Coronary heart disease is one of the most common cardiovascular diseases. The essence of coronary heart disease is actually a lifestyle disease, and many of the risk factors for coronary heart disease, including high blood pressure, dyslipidemia, diabetes mellitus, smoking, etc. are closely related to lifestyle. Therefore, the most effective treatment program for coronary heart disease is a comprehensive model that combines drug therapy and lifestyle modification.

At present, the medical profession has long reached a consensus: exercise is not only a means of fitness, but also a good measure to prevent and cure diseases.

Through regular and moderate exercise, the endothelial function of blood vessels can be improved, atherosclerotic plaques of coronary arteries can become more stable, cardiac function can be enhanced, and the quality of life of the patients can thus be improved, and hospitalization and mortality rates can be significantly reduced. Therefore, there is no doubt that appropriate exercise is beneficial to patients with coronary heart disease!

Theoretically, the magnitude of exercise intensity has different effects on cardiac and vascular function, physical fitness, and prognosis, with greater cardiovascular benefits associated with greater exercise intensity within a certain range, but also accompanied by increased exercise risk. For patients with coronary artery disease combined with ischemic cardiomyopathy, poor cardiac function, or unstable control of blood pressure and heart rate, excessive intensity exercise may pose a certain risk. There is even the occurrence of acute myocardial ischemia or even acute myocardial infarction caused by excessive exercise.

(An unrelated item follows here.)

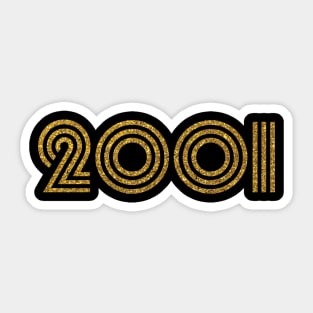 2001 Birth Year Glitter Effect Sticker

Exercise for people with coronary artery disease is still very important:

The use of exercise as a therapeutic tool in patients with coronary artery disease requires two conditions: one, safety; and two, effectiveness. Therefore, in order to ensure the safety of exercise in patients with coronary artery disease, the first step is to assess the risk of exercise, which should be done under the guidance of qualified and experienced physicians. Exercise load testing and risk stratification are the key steps in risk assessment, and are generally categorized as low, medium, and high risk.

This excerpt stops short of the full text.